10. Restored prior to shutdown -- Back to 2.3.5 rooted and working.

*Ideas as to what i am doing wrong??* Does the file need to be unzipped on my phone or will the zip work ok?


----------



## Pixelated (Dec 1, 2011)

voodoo rootkeeper, fail.

The error is related to root.

After sbf, apply 2.3.5 update, then root using *Zergrush*... its here somewhere.

*voodoo OTA rootkeeper always fails somehow... don't use it unless ur planning on staying STOCK and rooted, that way u can dl OTA updates.*


----------



## RandyHut (May 19, 2012)

Finally! Thanks Pixelated!
i actually must have done something wrong before (Not sure i deleted the backup in step 5 above) this time i made sure i did and it loaded right up.!


----------



## themib (Sep 14, 2011)

Pixelated said:


> voodoo rootkeeper, fail.
> 
> The error is related to root.
> 
> ...


 you can't root 2.3.5/1.3.418 with zergrush
you have to be on 2.3.4 and root with pete's because zerg can remove stock files, causing update 418 to fail
so you have to use voodoo if you want 418 rooted just remove su backup before flashing eclipse

Sent from my DROID X2 using RootzWiki


----------



## Arbalest (Apr 27, 2012)

themib said:


> you can't root 2.3.5/1.3.418 with zergrush
> you have to be on 2.3.4 and root with pete's because zerg can remove stock files, causing update 418 to fail
> so you have to use voodoo if you want 418 rooted just remove su backup before flashing eclipse
> 
> Sent from my DROID X2 using RootzWiki


had the exact same problem as RandyHut. i totally agree with themib
Googled around and read about the 2.3.5 Zergrush root method but I just cant get it work anyhow..
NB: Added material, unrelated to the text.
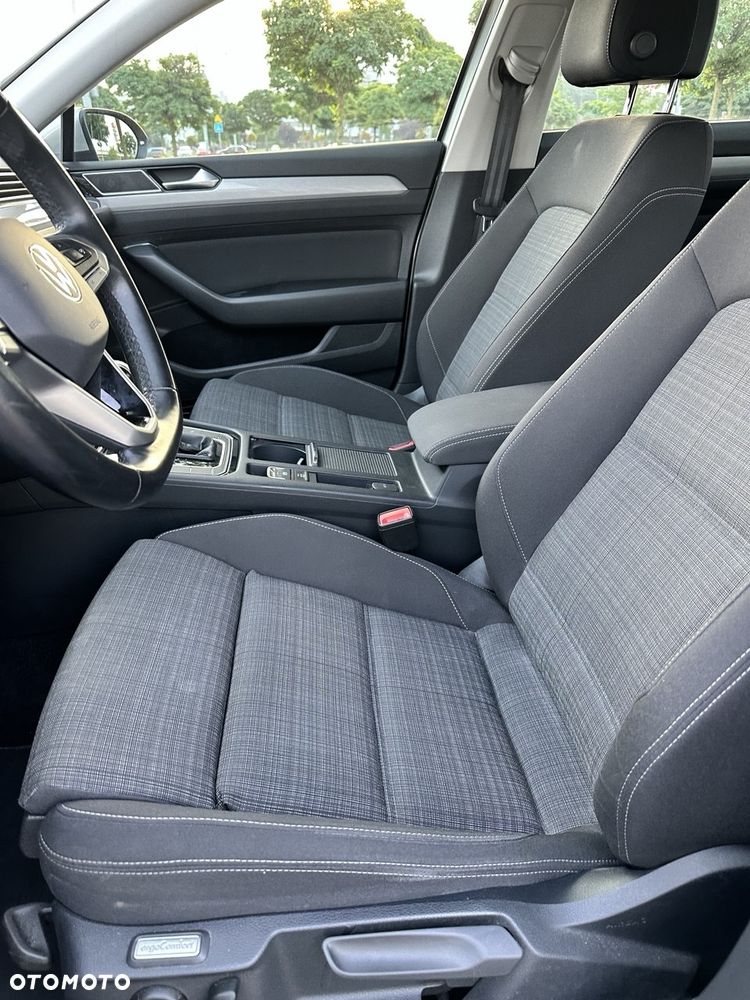 Volkswagen Passat 1.5 TSI EVO Business DSG - 12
so...SBF'd back to 2.3.4 - root using Pete's - OTA rootkeeper - flash 2.3.5 via stock - restore root then delete SU backup and uninstall OTA rotkeeper! - flash Eclipse

now i'm enjoying the beauty


----------



## Pixelated (Dec 1, 2011)

themib said:


> you can't root 2.3.5/1.3.418 with zergrush
> you have to be on 2.3.4 and root with pete's because zerg can remove stock files, causing update 418 to fail
> so you have to use voodoo if you want 418 rooted just remove su backup before flashing eclipse
> 
> Sent from my DROID X2 using RootzWiki


 sorry, I had not installed the ota, because it didn't do anything for our phone. Still have in accurate battery, it's a bit snappier, but so is Cm7, cm9, & MIUI... OP says nothing about ROM choice

DROID DOES, Apple did...like I forgot when


----------